Postcards were to the people in 1900 what the Internet was to the world in 2000. Postcards can be thought of as the world’s first mass transfusion of images. The world went from thousand to a billion postcards in a very short span of time, and the finest painters from India, Austria and Japan got involved. Paper Jewels is the story of postcards during the Raj, and covers India, Pakistan, Sri Lanka and Burma. The first book on this subject, it is also the first to show hundreds of professionally restored images in original format. The volume uncovers such gems as the early postcards of the great Indian painter M V Dhurandhar and the Ravi Varma Press, the exceptional work of an early Austrian lithographer in Kolkata or a German one in Mumbai. The essays cover the major cities and regions important to postcard publishing and the key themes—from religion to dancers, to tea, soap, famines, fakirs, humour and warfare. The volume displays the most beautiful and popular postcards, telling the stories of the first postcard publishers in the subcontinent between 1892 and 1947. Many of the images in the book have never been published since their first runs a century ago. Paper Jewels relies almost entirely on primary research in archives and private collections in India, Europe and America done over a period of twenty years, and much of the story is entirely new. Published in association with Alkazi Collection of Photography.
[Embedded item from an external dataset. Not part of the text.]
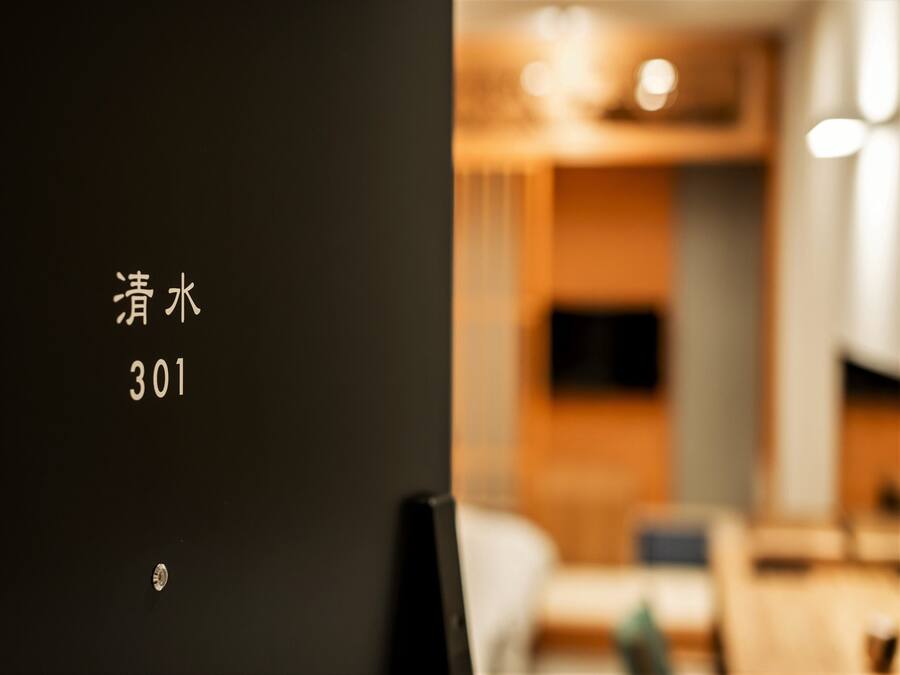 A hotel room interior with a blurred background.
Omar Khan grew up in Vienna, Austria and Islamabad, Pakistan and is a graduate of Dartmouth College, Columbia and Stanford Universities. He has researched early photography and ephemera of the subcontinent for thirty years and acquired a large collection of the early postcards featured here. He is an avid historian, award-winning web designer and aspiring filmmaker. Khan’s previous book is From Kashmir to Kabul: The Photographs of John Burke and William Baker 1860-1900 (Prestel/Gallimard/Mapin, 2002). He has run the website harappa.com since 1995
About the Author
Omar Khan grew up in Vienna, Austria, and Islamabad, Pakistan. Khan has researched early photography throughout the subcontinent and is the author of From Kashmir to Kabul: The Photographs of John Burke and William Baker 1860-1900 (Mapin). He works as a software executive in San Francisco.